## EXERCISE AIM
Go through the listing below, and from the line containing "Danxen Donna Maglia" through its last line, transcribe every line exactly, skipping pictures.

## SUPPLIED RECORDS
■ ■ ■ ■ ■ ■ ■
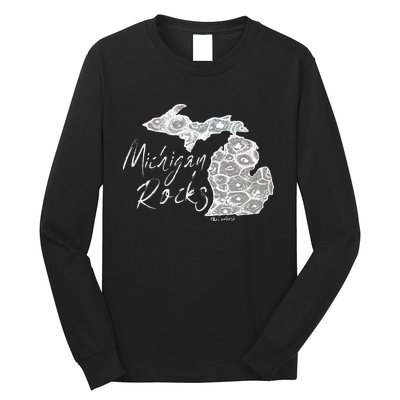 MICHIGAN ROCKS PETOSKEY STONE Long Sleeve Shirt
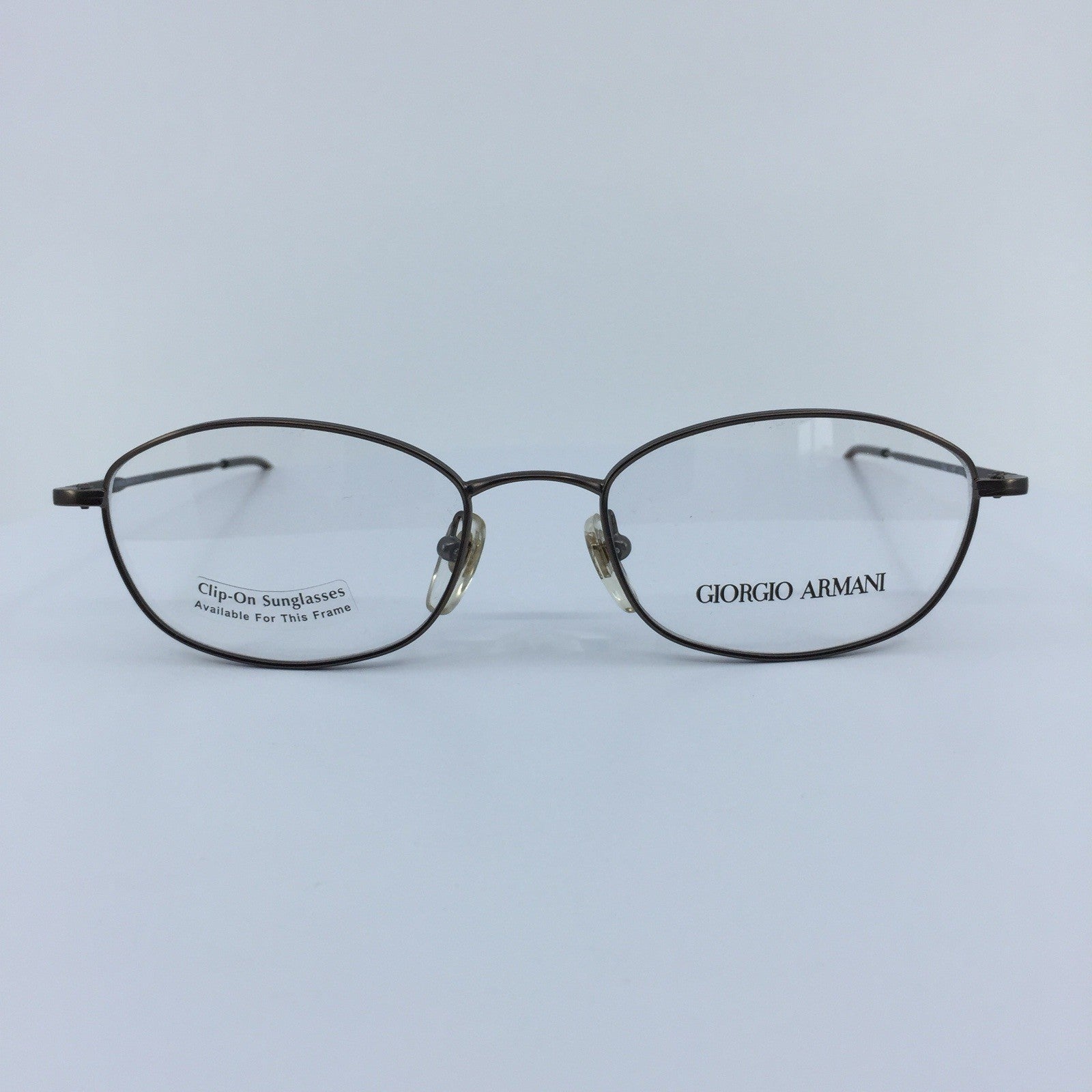 Vintage Giorgio Armani GA 1006 Brown Eyeglasses - Super Vision Optical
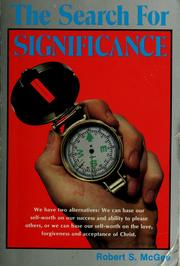 Cover of: The search for significance by Robert S. McGee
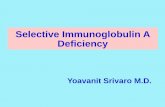 Selective immunoglobulin A deficiency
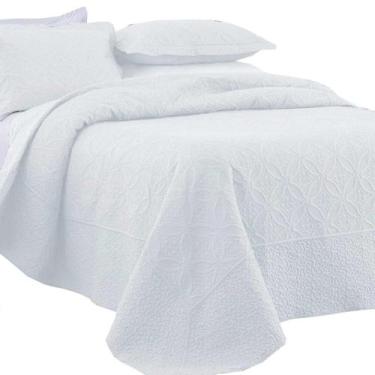 Imagem de Cobre Leito De Solteiro Liso Colcha Dupla Face Luxo Provence Rozac 2 P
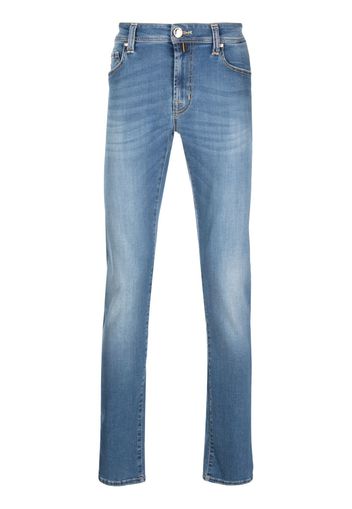 Sartoria Tramarossa Jeans slim a vita bassa - Blu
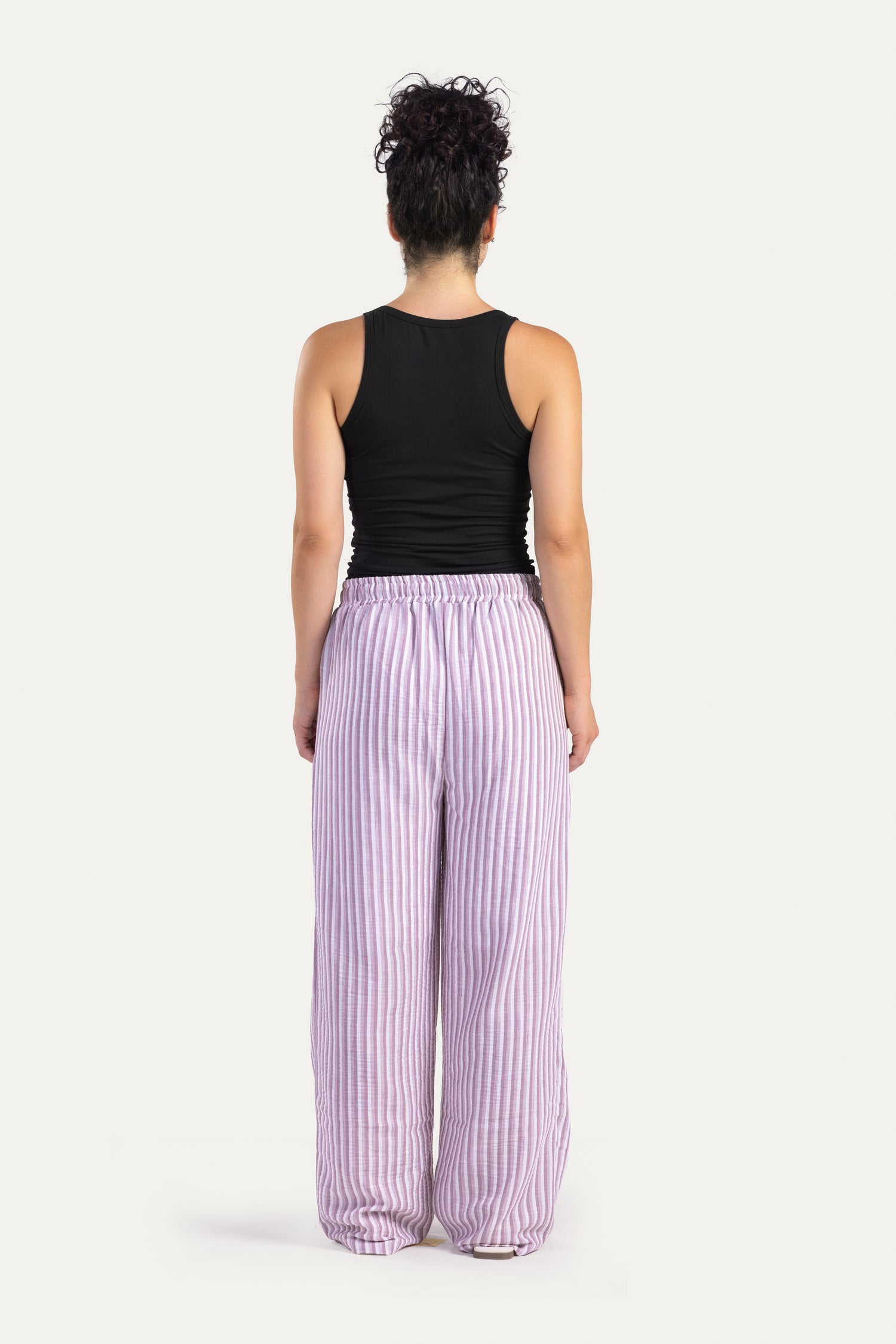 Stripped linen pants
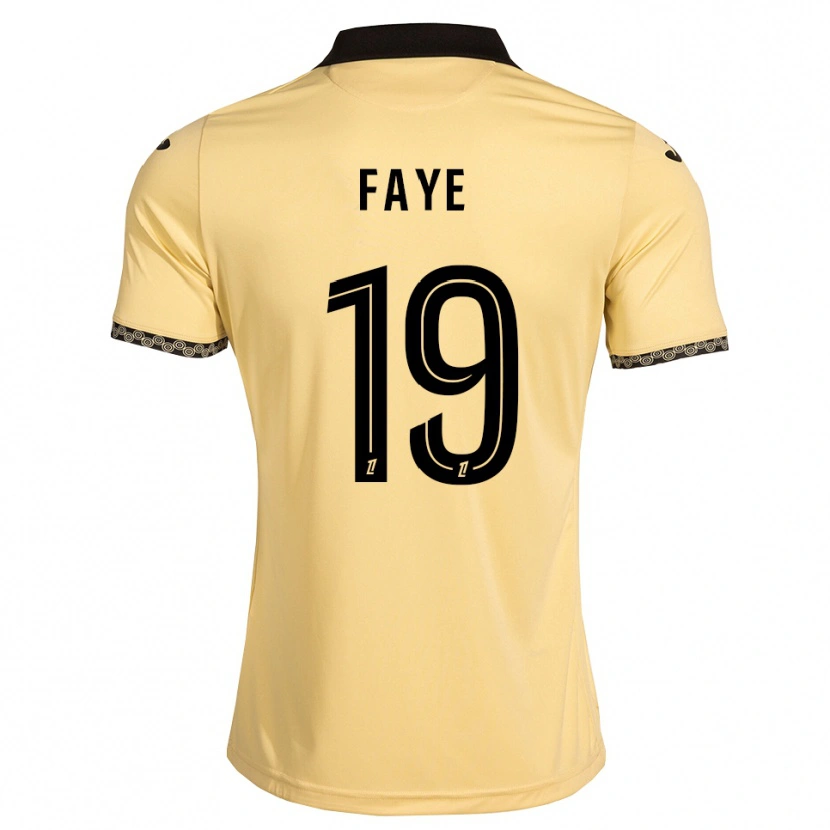 Danxen Donna Maglia Souleymane Faye #19 Bianco Avorio Nero Kit Gara Away 2026/27 Maglietta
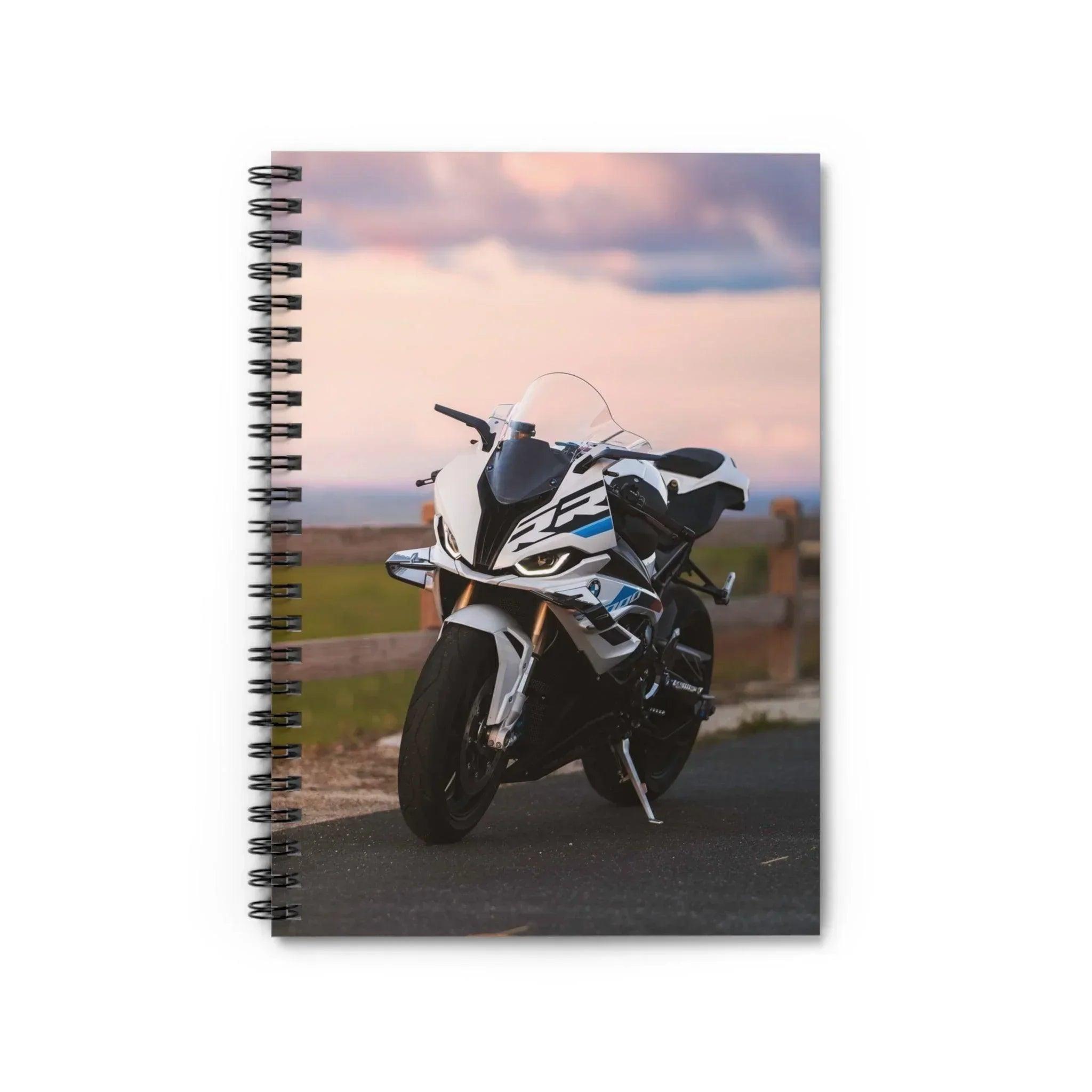 BMW S1000RR Motorcycle Spiral Notebook #064 - Throttle Designs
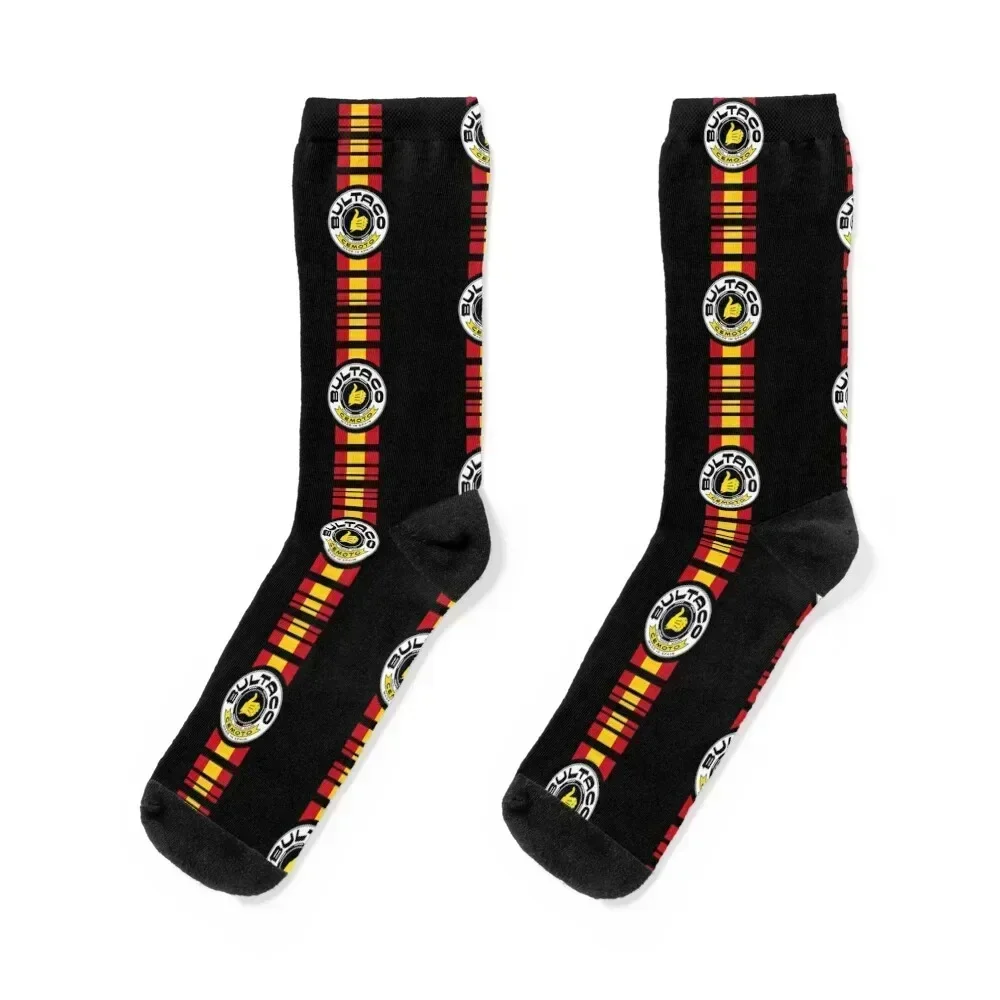 Motocicleta Bultaco Cemoto Camiseta clásica Socks hockey Rugby loose New year's Socks Ladies Men's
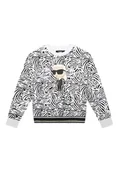 Bluzy damskie - Felpa Bambino unisex Karl Lagerfeld - KARL LAGERFELD - miniaturka - grafika 1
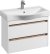 Тумба под раковину Aquaton Нортон 80 1A248901NT010 подвесная Белая глянцевая 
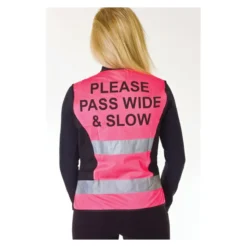 Hy Viz Please Pass Wide And Slow Waistcoat In Pink/Black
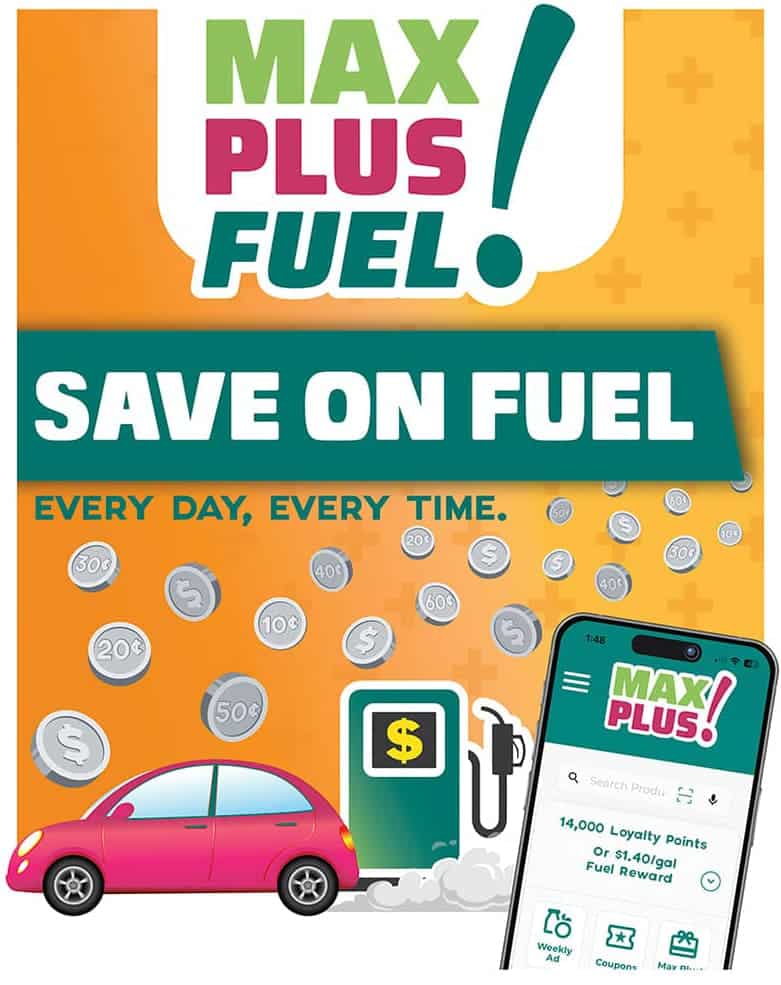 MaxPlus! Fuel Rewards save on fuel ad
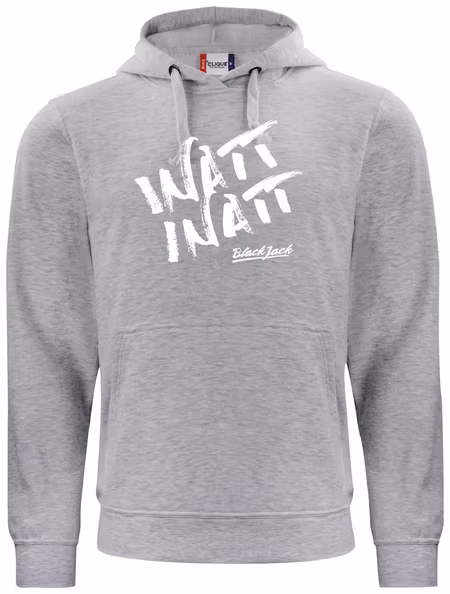 Grå HOODTRÖJA "Black Jack Inatt, Inatt"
■ ■ ■ ■ ■ ■ ■
## OUTPUT OF THE TASK
 Danxen Donna Maglia Souleymane Faye #19 Bianco Avorio Nero Kit Gara Away 2026/27 Maglietta
 BMW S1000RR Motorcycle Spiral Notebook #064 - Throttle Designs
 Motocicleta Bultaco Cemoto Camiseta clásica Socks hockey Rugby loose New year's Socks Ladies Men's
 Bluzy damskie - Felpa Bambino unisex Karl Lagerfeld - KARL LAGERFELD - miniaturka - grafika 1
 Тумба под раковину Aquaton Нортон 80 1A248901NT010 подвесная Белая глянцевая 
 Hy Viz Please Pass Wide And Slow Waistcoat In Pink/Black
 MaxPlus! Fuel Rewards save on fuel ad
 Grå HOODTRÖJA "Black Jack Inatt, Inatt"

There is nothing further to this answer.